The last Alfa Romeo to bear the name Giulietta went out of production at the end of 2020. The SUV Tonale arrived in its place. A different kind of bodywork and a different name, while the history of this sedan belongs to a small group of men who combined their knowledge just under 70 years ago. One more reason to reuse the name Giulietta one day on another Alfa, recalling the popularity of a model that proved a veritable relaunch for the brand. It is a great Italian story: it was December 1951 and Giuseppe Luraghi was appointed as General Manager of Finmeccanica, the new financial group under which IRI had merged its mechanical holdings, including Alfa Romeo. Born in Lombardy, 46 years of age, he is a leading company manager in both the public and private sectors, from Finmeccanica to Lanerossi, Pirelli, SIP and Mondadori.
He described himself as “poor” in mathematics in elementary school, with a love of boxing, in which he won several tournaments as a boy: "I believe that the education I received from boxing,” he writes in his book Capi si diventa (You Become a Leader) from 1973, “has been more useful to me in my life than university education.”
A man not inclined to compromise and a visionary in the industrialization of the South, he was asked to recover the huge losses of the Milanese brand at risk of liquidation. Thus, Luraghi reinvented the modern Alfa Romeo, a company no longer only subsidized by the state but capable of competing on the markets. Ready to challenge even the might of Fiat and the Christian Democrat power of the time. Luraghi sees it like Romeo saw Juliet: a perfect love.
The financial position remained short and he was forced to make a painful decision: to give up the brand’s racing activities
In his vision, the relaunch of the brand in those early 1950s had to involve a car of compact size and power, with sporting features and above all affordable prices. The manager sought and found within the company an excellent team of technicians led by engineer Orazio Satta. However, IRI-Finmeccanica did not have the money and Luraghi bet on a German investor, Otto Wolf.
The financial position remained short and he was forced to make a painful decision: to give up the brand’s racing activities, which had just enjoyed two consecutive victories in the world championship with Farina and Fangio. The Giulietta was presented at the Turin Motor Show in 1954 but would only go into production the following year due to tuning problems. This is why the first to arrive on the market was the Giulietta Sprint, the coupé designed by Nuccio Bertone.

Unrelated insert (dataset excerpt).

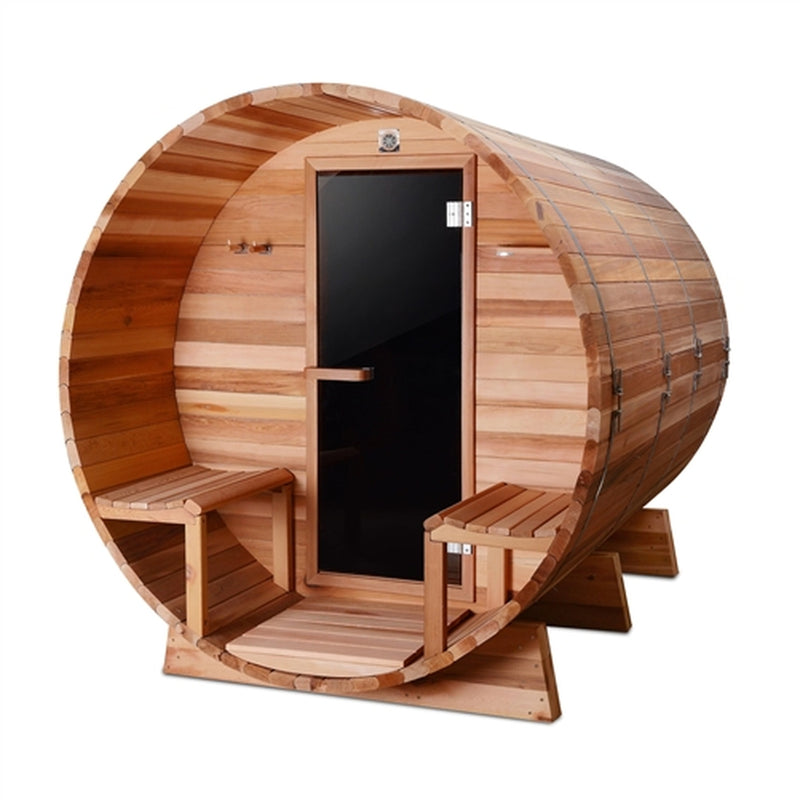 Aleko Outdoor or Indoor Western Red Cedar Wet Dry Barrel Sauna - 8 Person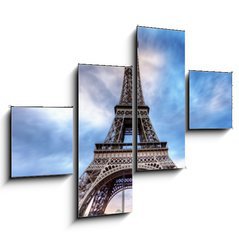 Obraz 4D tydln - 120 x 90 cm F_IB44846835 - Ciel tourment au dessus de la Tour Eiffel.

The sedan, 3.90 meters in length, has a twin-shaft 1.3-liter engine that guarantees performance that matches the reputation of the brand and is also comfortable for families, as is needed on the road for the imminent motorization of Italy.
At Fiat, the dominant brand in Italy, there must have been suspicions if Luraghi writes the following lines in his memoirs, cited in the great book Luraghi, l’uomo che inventò la Giulietta (Luraghi, the Man who Invented the Giulietta) by Rinaldo Gianola, who had access to the personal archive of the industry manager: “The designs for the new car were produced in secret: from the initials and numbers appropriately printed on the drawings, the third parties had to work out that it was a car with an engine capacity of 850 cubic centimeters. Thus, we managed to keep the secret (…) an exceptional case in a sector in which industrial and journalistic espionage reigns and spreads at incredible speed.”
Alfa Romeo was reborn and the Giulietta became its North Star
He continued: "To launch the program, we even had to overcome the adversity of certain directors of the same company, who declared it dangerous to provoke the dangerous competitors already established in the field of medium-sized cars.”
Alfa Romeo was reborn and the Giulietta became its North Star. The sedan was produced until 1963, the Sprint until 1965, the fantastic Spider designed by Pininfarina until 1961. And tomorrow, with this name, who knows.